Notes from verification:

  • npm install reported dev dependency audit findings, but npm audit --omit=dev reported zero production vulnerabilities.
  • Local wrangler dev reached Ready after setting compatibility_date to 2026-05-03.
  • The environment used during implementation could not curl the local Wrangler port from another shell, likely due to proxy/sandbox isolation, so /health was not fully verified through HTTP.
  • Cloudflare account is configured in wrangler.jsonc as c1e0d935e0f8ba4685b9b6702130efe7.
  • Remote D1 database program-intro-sync was created in region WNAM.
  • Remote D1 database id is 3073eab7-e1f8-4e1e-b171-33740db9ad20.
  • Remote migration 0001_initial.sql was applied successfully.
  • Remote sqlite_master query confirmed these monitor tables exist: sources, source_documents, opensist_program_snapshots, program_matches, description_change_events, and monitor_runs.
  • First remote manual monitor run proved OPENSIST_COOKIE could fetch OpenSIST data and wrote 327 program snapshots, but failed before source scanning due to Cloudflare Workers subrequest limits.
  • The monitor was then updated to write only changed/new OpenSIST program snapshots, cap program snapshot writes with MAX_PROGRAM_UPSERTS_PER_RUN=25, and cap raw GitHub Markdown downloads with MAX_RAW_DOWNLOADS_PER_SOURCE=1, so first source ingestion can progress across multiple runs.
  • After that fix was deployed, manual monitor run 03e50966-b0ef-45ba-a859-6e47c26029e4 succeeded with sourcesScanned=3, documentsSeen=26, and eventsCreated=2.
  • Remote D1 counts after the successful run: sources=3, source_documents=26, opensist_program_snapshots=327, description_change_events=26.

Secrets And Config

Expected Cloudflare secrets:

  • OPENSIST_COOKIE: optional cookie for read-only OpenSIST backend access.
  • GITHUB_TOKEN: optional GitHub token to avoid low unauthenticated rate limits.
  • ADMIN_TOKEN: optional bearer token for admin endpoints.

Do not commit real cookies, JWTs, provider API keys, raw request headers, or full private backend responses.

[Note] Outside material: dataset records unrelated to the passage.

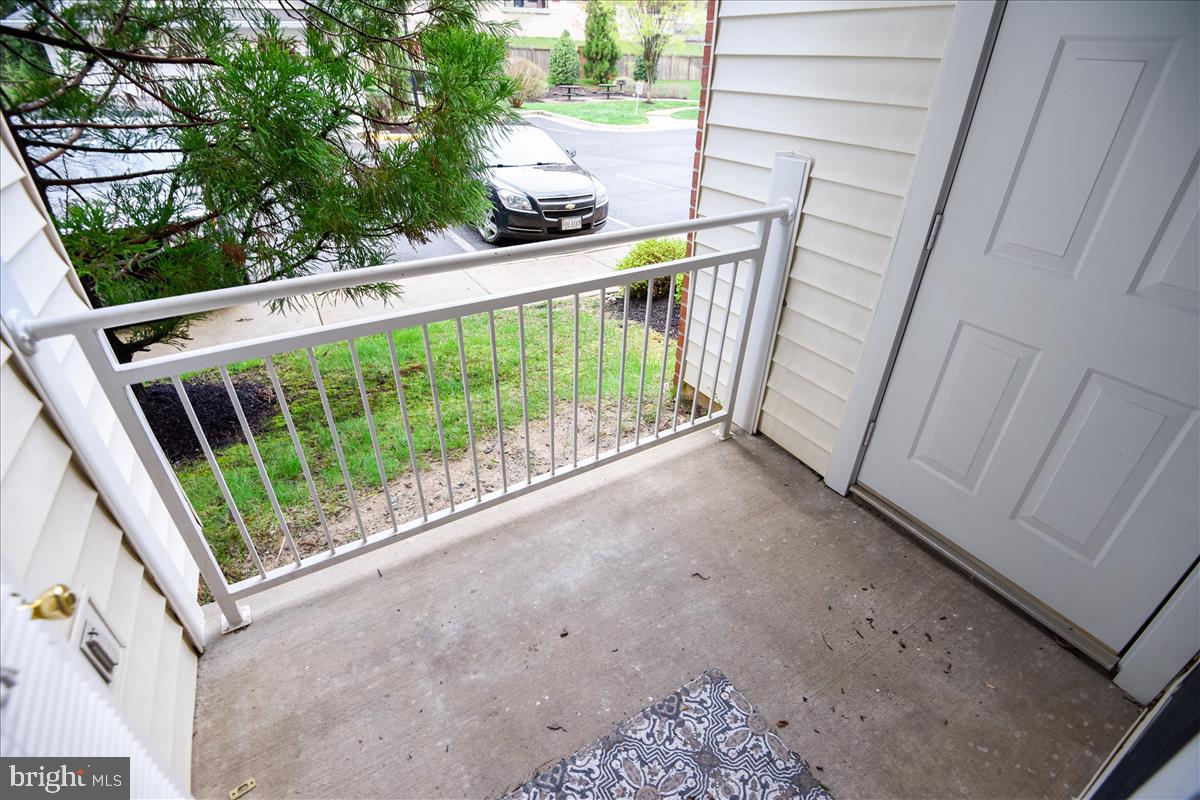 2931 Deer Hollow Way, Unit 102 Fairfax, VA 22031 - Photo 2 of 86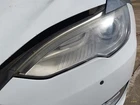 Tesla 2014 Headlight 3495699 Used. Price: $790.00.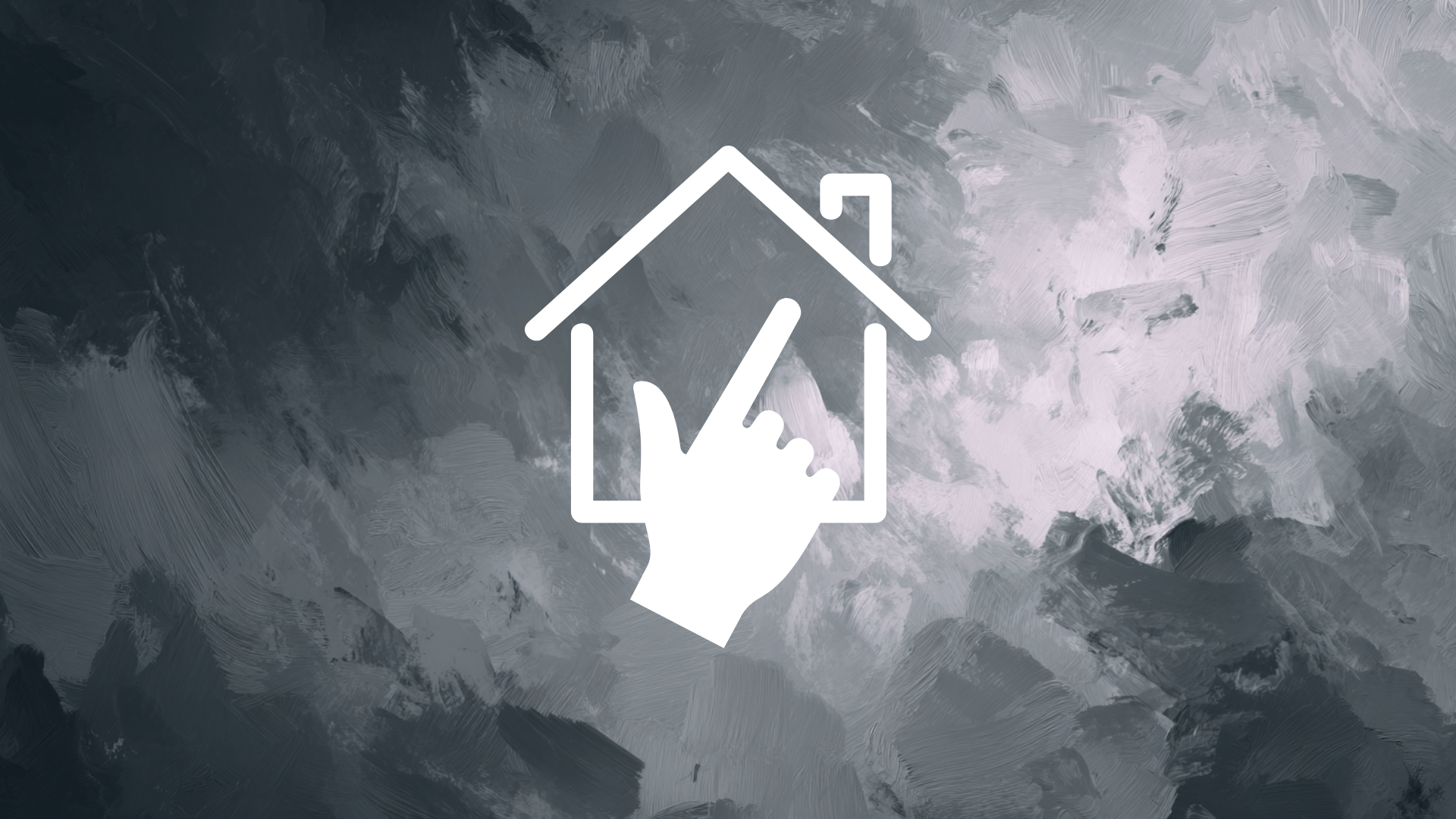 article hero image for decoration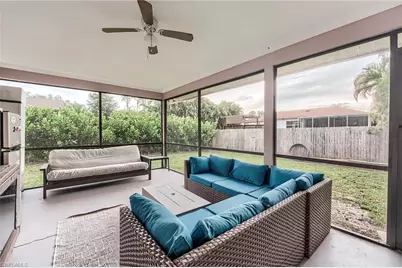 18257 Huckleberry Rd, Fort Myers, FL 33967 - Photo 13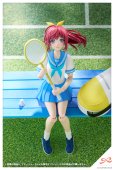 画像4: 『創彩少女庭園』 マネージャーちゃん＆部活オプション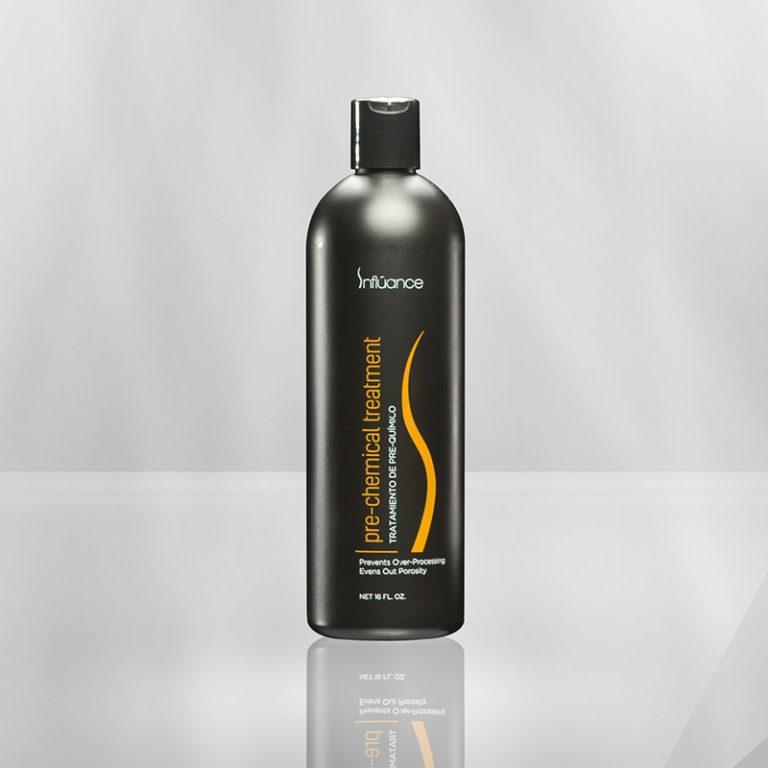 Pre Chemical Treatment (PRO PRICE)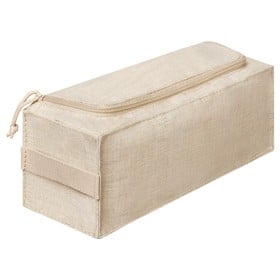 Toiletry bag IKEA Bollosund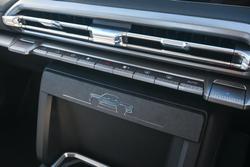 2025 LDV Terron 9 Origin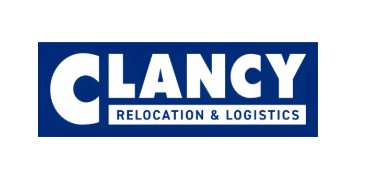 Clancy Relocation Logistics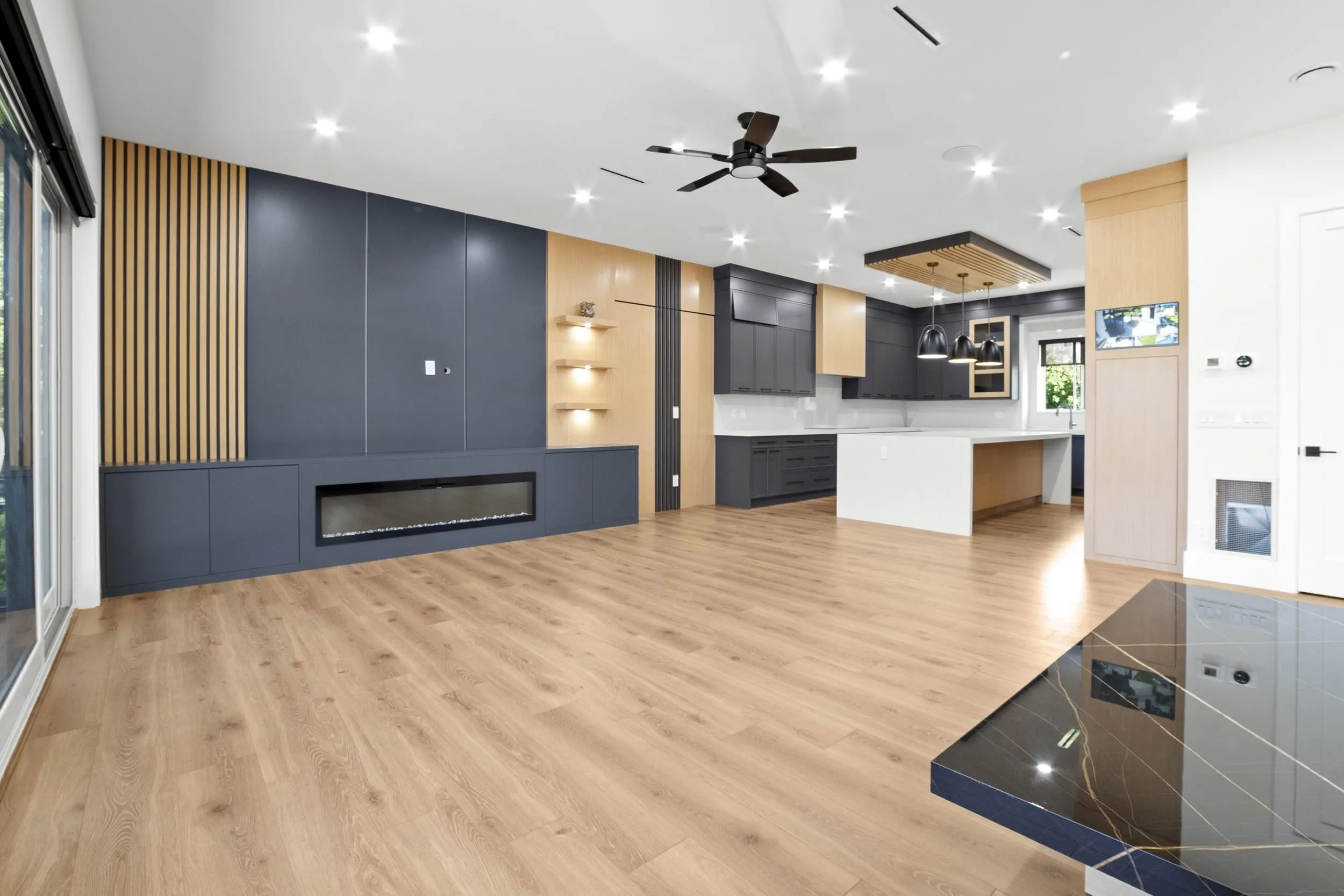 11066 River Road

Cloudflare Deployment Status

Done:

  • Wrangler login was completed on the local machine.
  • wrangler.jsonc includes the selected Cloudflare account_id.
  • Remote D1 database program-intro-sync exists.
  • Remote D1 migration 0001_initial.sql has been applied.
  • Remote monitor tables were confirmed through sqlite_master.

Additional status:

  • ADMIN_TOKEN was generated locally, saved in ignored file .admin-token, and uploaded as a Worker secret.
  • OPENSIST_COOKIE was uploaded as a Worker secret for the MVP.
  • Worker was deployed and /health plus admin auth were verified.
  • GITHUB_TOKEN remains optional; set it only if unauthenticated GitHub API limits become a problem.
  • Run manual monitor passes until first source ingestion catches up.

Event Semantics

The monitor records facts as idempotent events in description_change_events.

Event types:

  • source_new
  • source_changed
  • source_removed
  • match_changed
  • match_confidence_changed
  • opensist_program_changed
  • opensist_description_changed
  • license_changed

Downstream services should query pending events and mark them consumed, ignored, or acknowledged.

Known Limitations

  • Matcher is deterministic and conservative; it needs more aliases and evaluation data.
  • Current matcher can over-score same-university but different-program sources, e.g. EPFL MSDH -> MSCS@EPFL.
  • GitHub tree fetch currently fails if GitHub returns a truncated recursive tree.
  • Source license labels for GlobalCS and CSGrad still need confirmation.
  • The monitor does not store full source Markdown, so a future merge service may need to re-fetch source content by source_url/source_commit.
  • Source-level partial failure is not implemented; one source failure currently fails the run.
  • No automated test suite exists yet beyond TypeScript checking and local D1 migration validation.

Next Useful Work

  1. Add tests for matcher.ts, markdown normalization, and event idempotency.
  2. Add source-level failure tracking if partial success is important.
  3. Confirm GlobalCS and CSGrad license policy before using content beyond internal review.
  4. Add merge_drafts schema and a separate DeepSeek/AI Gateway consumer.
  5. Add a small evaluation fixture set for known source documents and expected ProgramID matches.